Ribs were prevalent. Schultz left his coffee unattended in the locker room, a cardinal sin, and came back to someone seemingly having put acid or LSD in it, which they recreate the effect of by distorting his audio. Schultz paid the boys back by having his wife make chocolate chip cookies with laxatives in for them. He double-bluffed them by claiming he’d had a bad stomach all night after too so they didn’t suspect them. This led to it being topped by horse laxative being the next thing added into the mix the next time. Bret realises that he was one of the people that ate them (“I thought it was the hot dogs!”).
Another rib was the “Mabel” rib, where the wrestlers would sell newcomers like the Great Antonio on there being a married woman who was up for some action (actually a girl in on the rib) while her husband was out of town and setting them up.

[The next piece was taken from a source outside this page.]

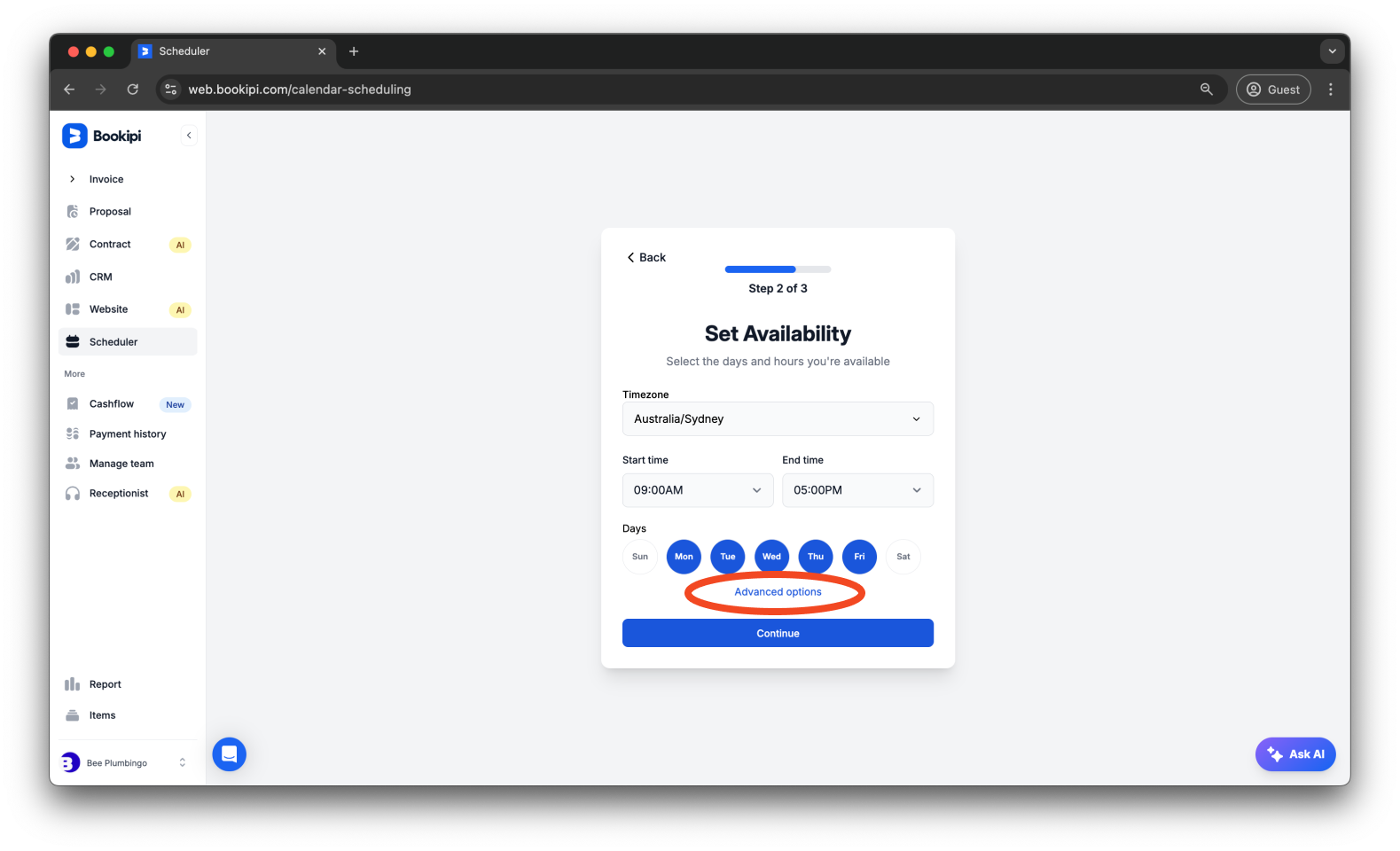 Invoice Web V2 - How to set up your calendar and add a meeting link to your event using Bookipi Scheduler - 6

To the bedroom, where the action would be about to begin as the “husband” would burst in through the door with a shotgun, firing blanks, and running off the scared wrestlers to the hilarity of the boys. Antonio was especially scared and called the RCMP, who knew what the deal was and would let him sweat a bit.

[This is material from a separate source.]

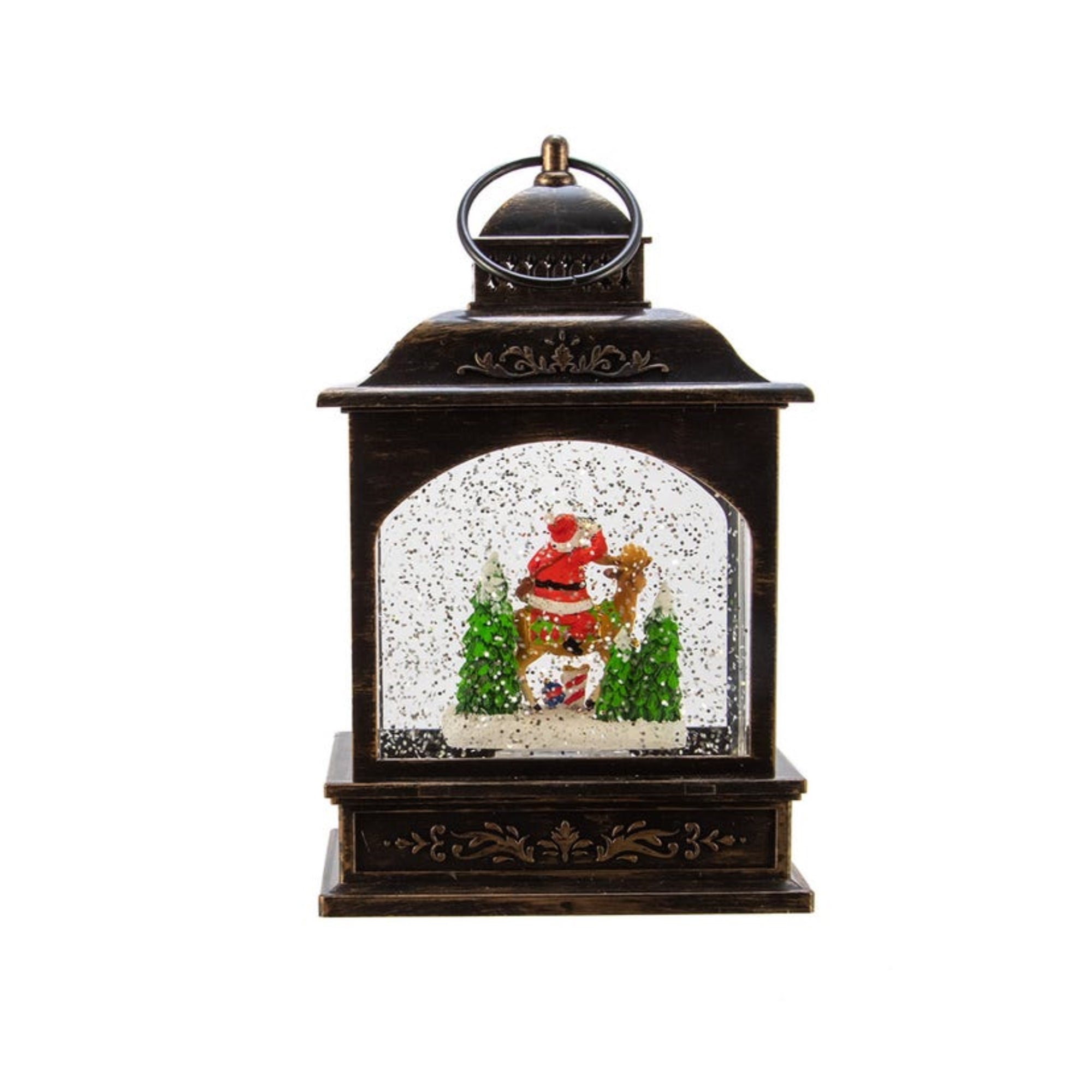 Kurt Adler Battery Operated LED Santa Lantern with Twirling Snow Motion, 9"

Travelling in the winter was potentially deadly. A lot of guys went in a van together, so if there was an accident there was a number affected by it. An old man stopped and saw they were broken down one time, with Bret asking for assistance, but he drove off when he saw these other guys who looked like convicts emptying out.
Bad News Allen is the final focus of the episode. Schultz was annoyed that he was trying to take his spot. Bret was frustrated that he was so stiff, because his main training was in Japan where you worked as hard as possible. Allen would be suspended for using forks and weapons by the commission and head back to Japan for more “meat chopping” matches. This leads to the story of the famous angle where heels Allen and Gouldie aligned with one another eventually, with Archie’s “son” Jeff, actually a rookie from Tennessee, being part of their team. Allen turned on Gouldie, tied him up and then gave Jeff a piledriver on the floor to start a blood feud. Bret expected they’d make nothing but money because it was perfect, but Allen used the fork on Archie and then hit an old man at ringside who had hit him in the leg. Ed Whalen was so disgusted that he shut it down before they could draw a dime.

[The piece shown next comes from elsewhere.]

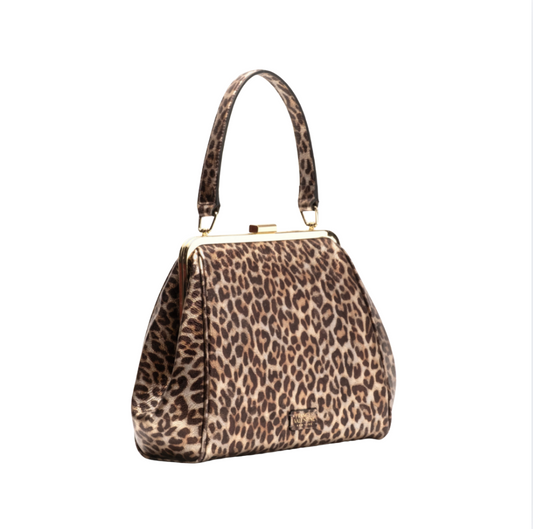Frances Valentine Katherine Frame Bag | Metallic Leopard Leather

The next night, at a show in Edmonton, Bad News caused a riot and hit a fan with a chair multiple times. That led to Stu losing his license and Bad News being suspended in Edmonton too, so they were effectively down their two biggest towns. It killed the territory and led to Stu selling up to Vince McMahon but not receiving a penny. He got the territory back and had a few more years, but it ended at the end of the eighties.
In the eulogy of the territory, Bret says that where it didn’t end well financially there are a lot of great wrestlers that came out and came through it with stories aplenty to tell, and he thanks the production team for reuniting him with the guys he’s with for this round table session. The guys say he should start up another territory in Calgary, then Abby pays off the joke about the cheque earlier in the episode by saying he doesn’t really want it… he’ll take cash.
The meltdown: A bit disappointing, very low key and quiet, with a focus more on the sixties and seventies, whereas the later days, as recounted in Dynamite Kid’s book, is where the really crazy stuff happened. Best bit could’ve been extended with the creative differences with Bad News and the effects of that, although it would be better if Allen was still around to say his side.